Still, Cal Poly is not without the usual campus tussles, the kind of academic or personality conflicts that are often aggravated in a small college town. Charles Andrews, accounting professor who heads the faculty union, complained that the administration is aloof and out of touch with the faculty.
‘Out of Town’
Andrews said that Baker, the president since 1979, is relatively unknown since “he is usually out of town,” at a meeting or on a fund-raising tour. And Provost Tomlinson Fort Jr., Baker’s No. 2 man, was described in the most charitable accounts as being stiff.
And some criticize Cal Poly students for being too neat, clean and healthy.
A British professor from Oxford Polytechnic who is teaching at San Luis Obispo this year complained mildly in the student newspaper that Cal Poly students are “friendly, polite, tidily well-dressed in a conformist, quasi-athletic manner.” By contrast, Oxford offers a more interesting and varied look including “punk and Mohican” hair styles as well as “facial tattooing and vivid hair-dyeing in purples and puces.” Though true, this hardly appears the kind of complaint that will worry many parents or campus administrators.
A more serious worry is the difficulty of recruiting qualified professors in areas like engineering and computer science. Throughout California, the story is the same: housing costs are high and salaries aren’t. At Cal State, faculty salaries range from $26,000 to $46,000 a year.
Many school officials also fear California’s high tech boom may go bust if the Reagan Administration’s defense buildup is halted, causing a sudden job squeeze for graduates in engineering and related fields.
Concerns Seem Minor
But for Kennedy, the former president who first came to Cal Poly in 1940 when “it was a big farm with three tiny buildings,” those concerns seem minor when compared to the university’s growth in size and reputation.

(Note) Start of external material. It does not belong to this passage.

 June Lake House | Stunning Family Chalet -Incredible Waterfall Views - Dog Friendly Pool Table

These days, though retired, he keeps an office in the new Robert E. Kennedy Library--”an honor usually reserved for the dead,” he quipped.
A journalist by trade with a liberal arts degree, Kennedy said his philosophy was shaped most by the era when he graduated, the Great Depression.

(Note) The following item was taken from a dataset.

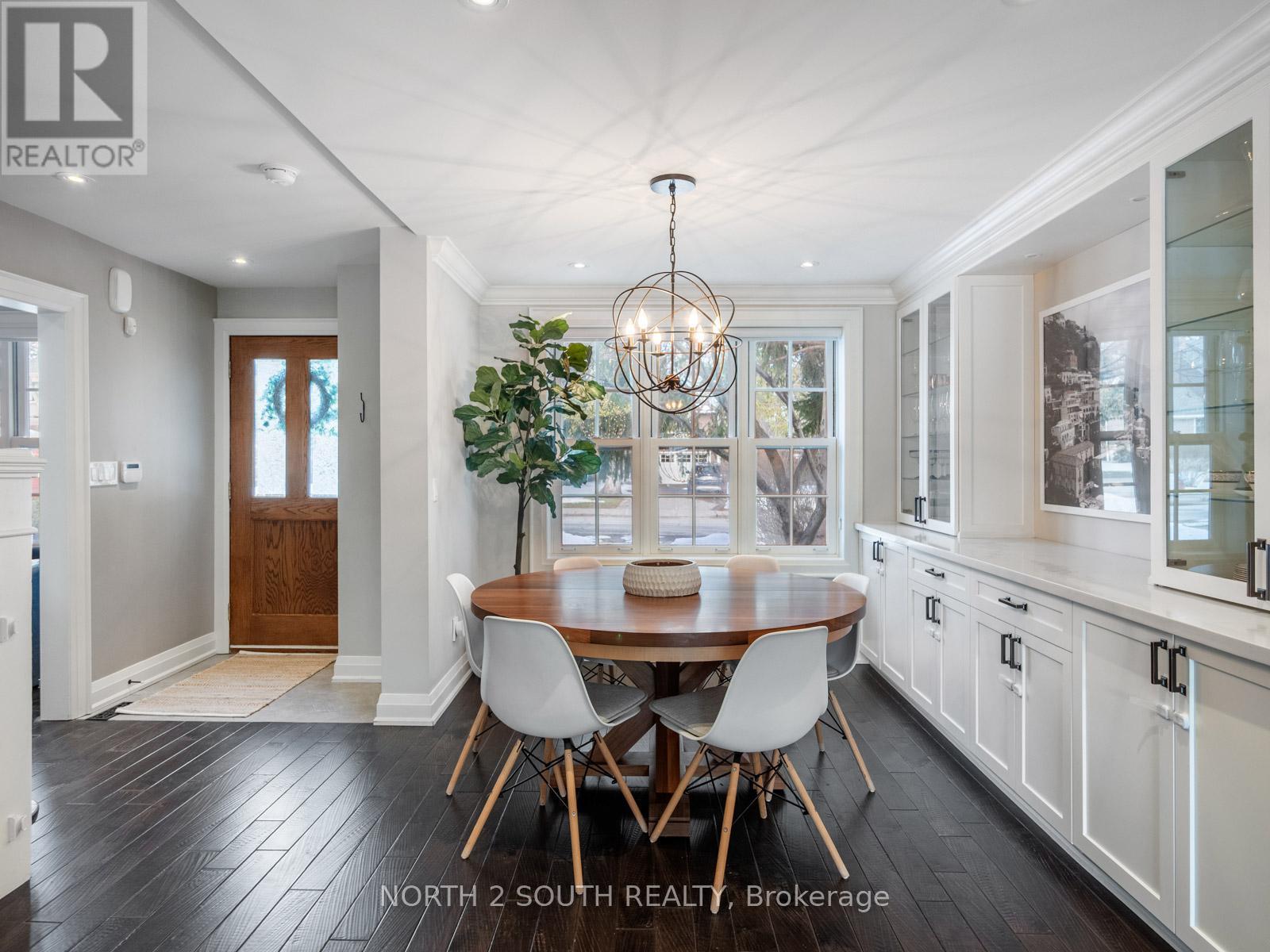 298 Douglas Avenue, Oakville, Ontario  L4J 3S4 - Photo 4 - W12922408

“Just like I was, kids today are worried about getting a job. When they’re 3 years old, we start asking, ‘What are you going to do when you grow up?’
“This university educates kids for the jobs that are available . . . and as they have gotten more complicated and sophisticated, so have we.”
Kennedy is impatient with the corporate leaders who have recently been talking up the virtues of a well-rounded liberal arts education.
“That’s because they have forgotten how they got there. The president of ITT spends his day in meetings talking to vice presidents, and he thinks ‘communication’ and ‘thinking skills’ are what counts,” Kennedy said. “But that guy doesn’t know how a telephone operates.
“We can’t prepare young people to be hired as vice presidents of ITT. We prepare them to get in the front door.”